** TASK **
Transcribe exactly, please, the line bearing "Givenchy Givenchy Distressed" and all later lines through the end of the records, with the pictures left out.

** INPUT FOR THIS TASK **
►
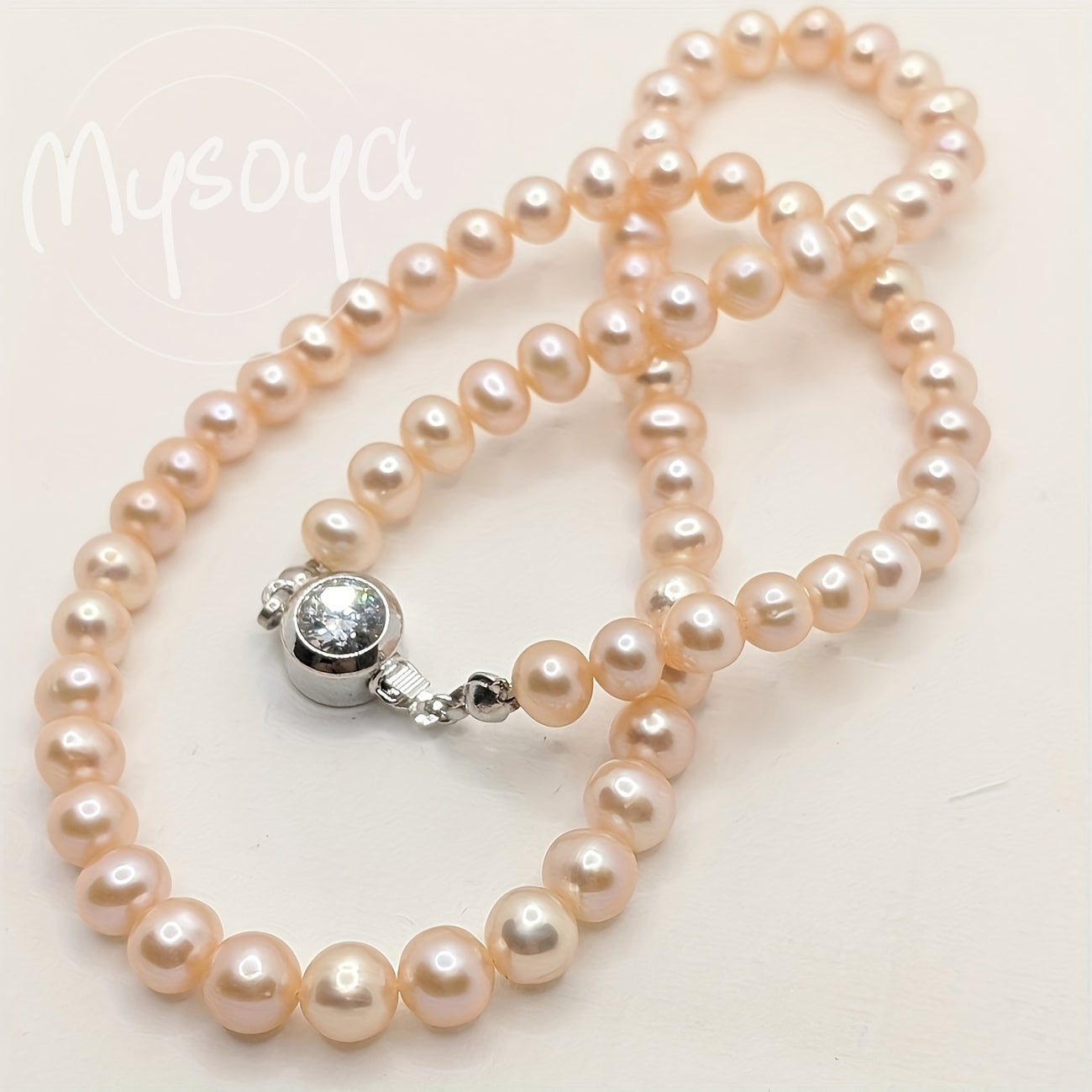 Handcrafted Freshwater Pearl Necklace: MYSOYA Elegant Exquisite Necklace with 6-7mm Round Gemstone. Perfect for Bridal Jewelry, Birthdays, Weddings, Anniversaries. Luxury Style for Any Season. Includes Valentine's Day Gift Box.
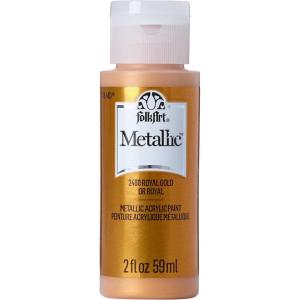 imageFolkArt Acrylic Metallic Paint 2 Fl Oz Pack of 1 Rose GoldRoyal Gold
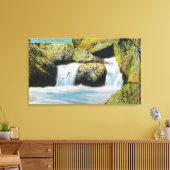Capilano Canyon Uitzicht van zalmlekkage stroomopw Canvas Afdruk (Insitu (Woonkamer))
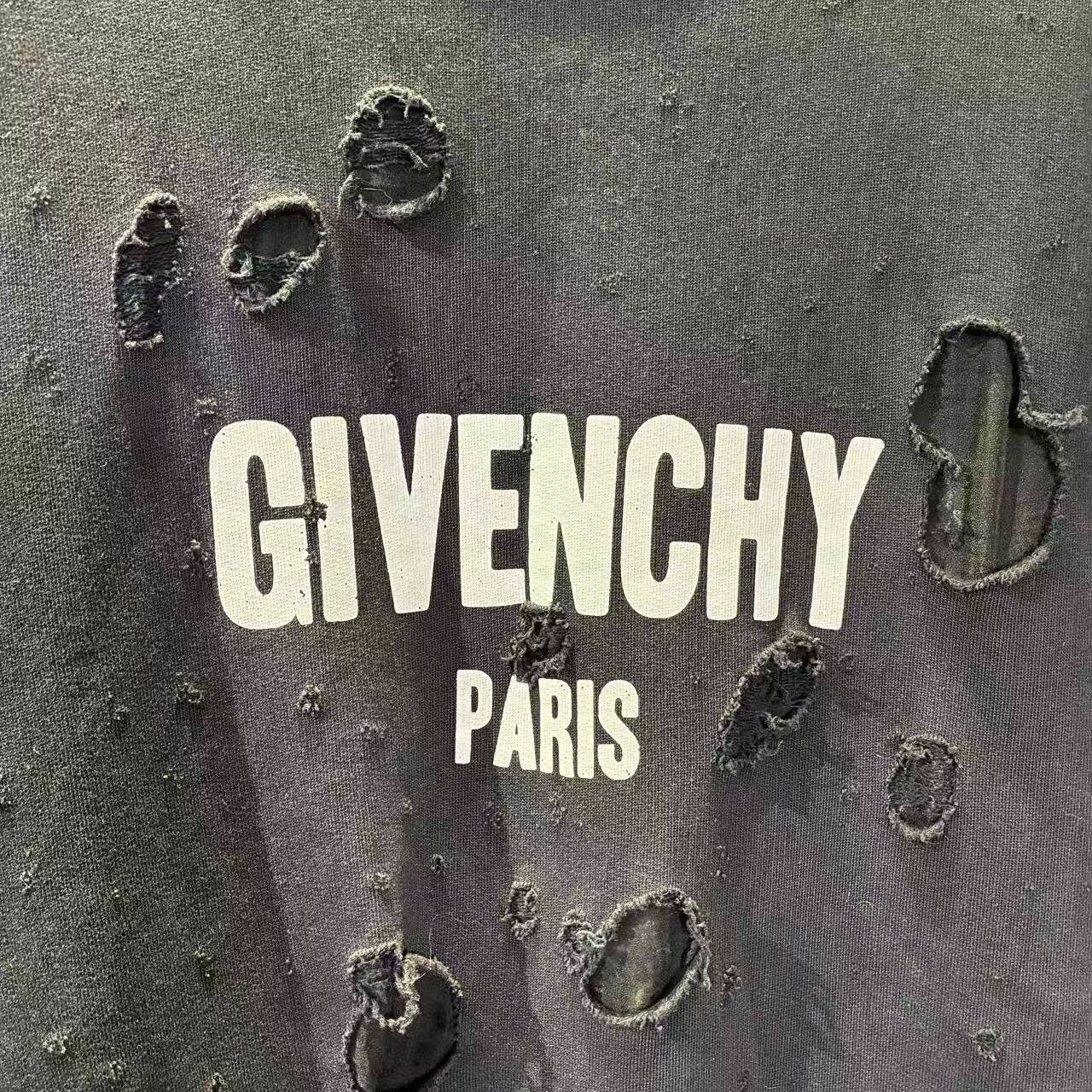 Givenchy Givenchy Distressed Black Hoodie s Men Size US S / EU 44-46 / 1 - 4 Thumbnail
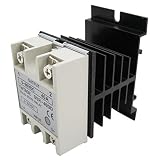 TWTADE SSR-40 DD 40A DC 3-32V to DC 5-60V SSR Solid State Relay + Heat Sink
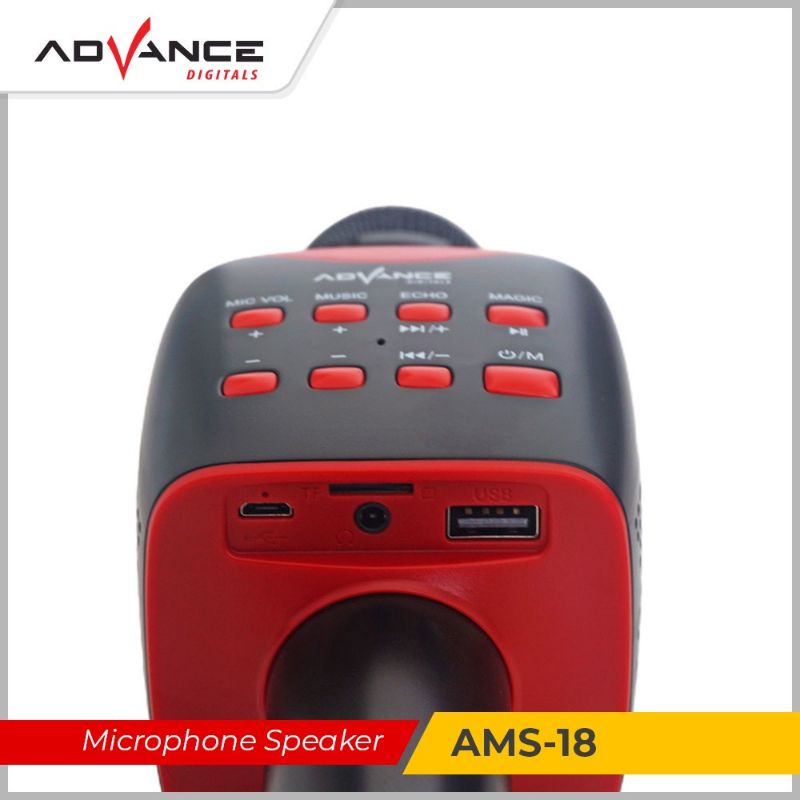 Mic Bluetooth Advance Ams-18 Noise Reduction/Microphone Speaker Tweeter Assisted Bass/Micropon Karaoke Wireless Bluetooth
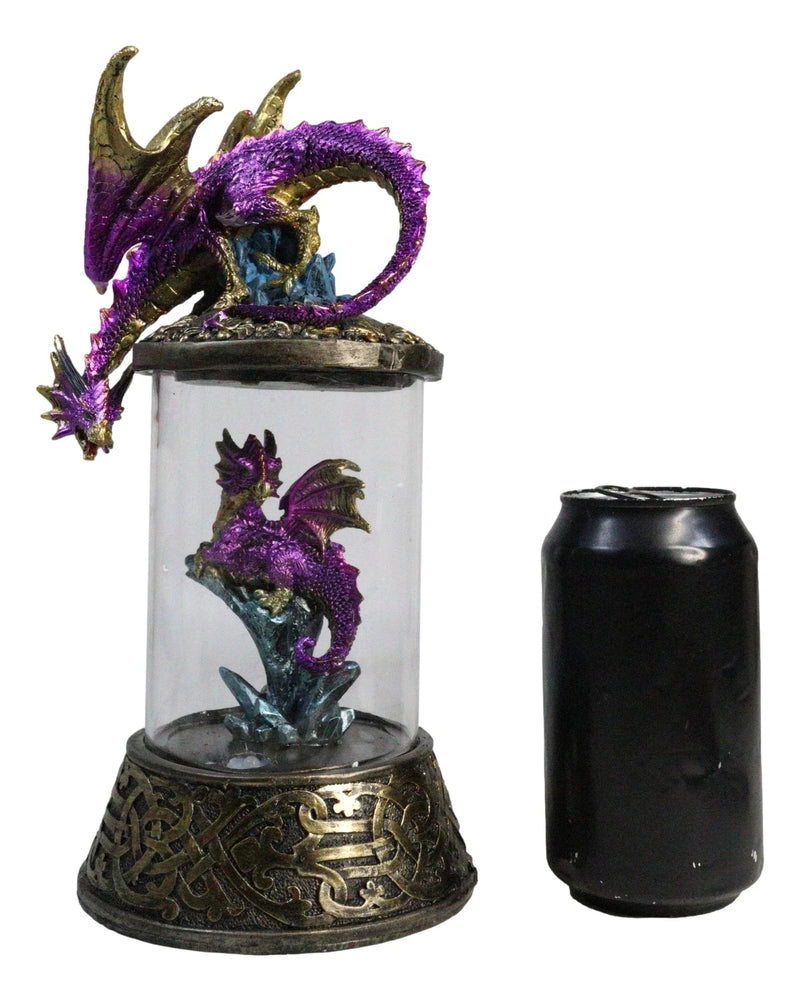 Purple Dragon Guarding Hatchling Celtic Knot Canister Backflow Incense Burner-9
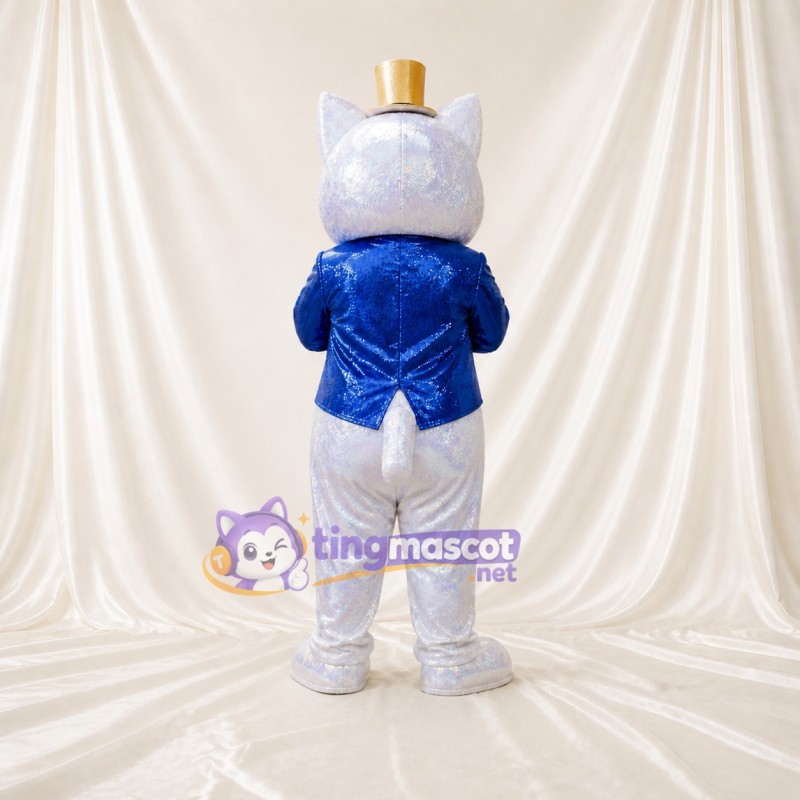 Chat blanc Costume de mascotte intégral pour adultes Événements de scène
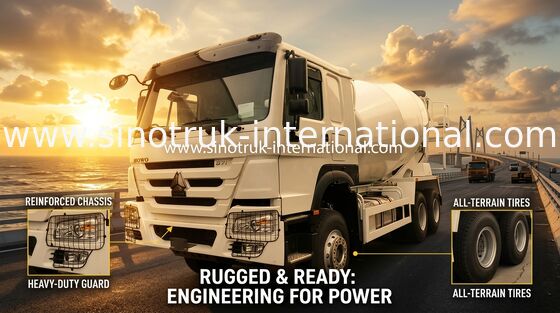 HOWO 371HP 10m3 Camion de mélangeur de béton avec pompe et moteur Eaton pour la construction lourde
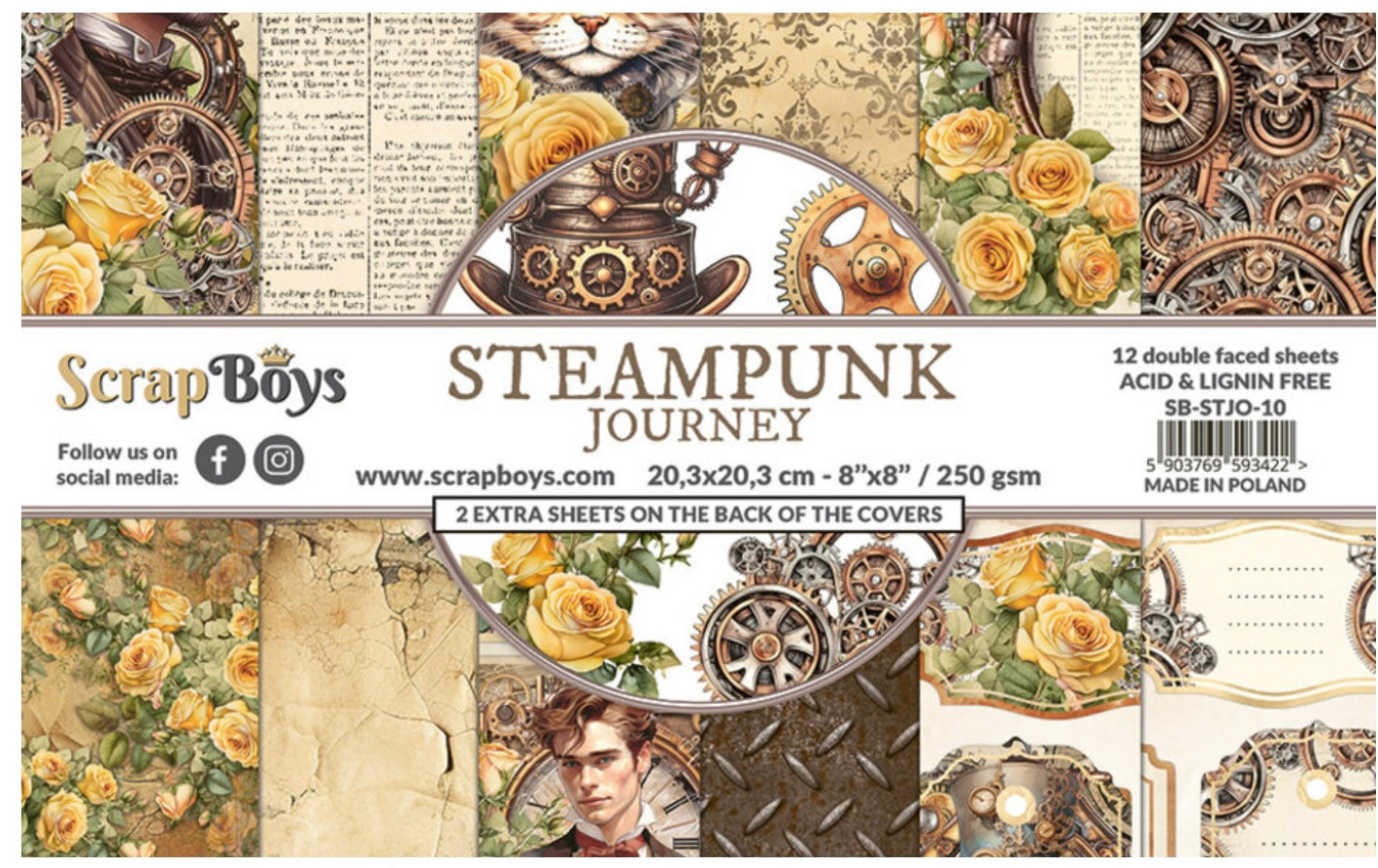 Steampunk Journey 8x8 Paper Pad - ScrapBoys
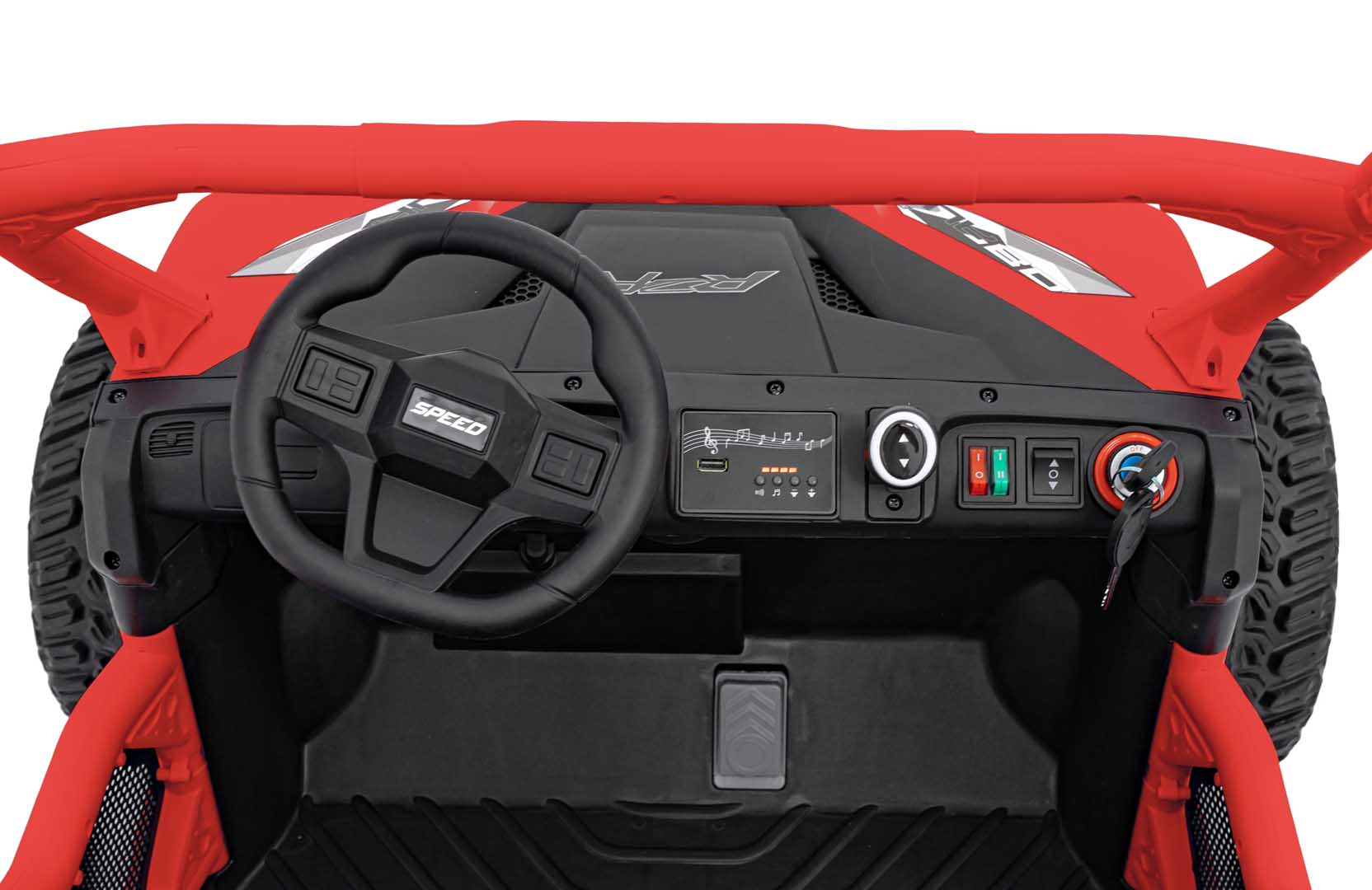 UTV electric pentru copii Autokids Farmer Truck 24V 300W 4x4 (307) Rosu - imagine 4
◄
** EXERCISE RESULT **
 Givenchy Givenchy Distressed Black Hoodie s Men Size US S / EU 44-46 / 1 - 4 Thumbnail
 TWTADE SSR-40 DD 40A DC 3-32V to DC 5-60V SSR Solid State Relay + Heat Sink
 Mic Bluetooth Advance Ams-18 Noise Reduction/Microphone Speaker Tweeter Assisted Bass/Micropon Karaoke Wireless Bluetooth
 Purple Dragon Guarding Hatchling Celtic Knot Canister Backflow Incense Burner-9
 Chat blanc Costume de mascotte intégral pour adultes Événements de scène
 HOWO 371HP 10m3 Camion de mélangeur de béton avec pompe et moteur Eaton pour la construction lourde
 Steampunk Journey 8x8 Paper Pad - ScrapBoys
 UTV electric pentru copii Autokids Farmer Truck 24V 300W 4x4 (307) Rosu - imagine 4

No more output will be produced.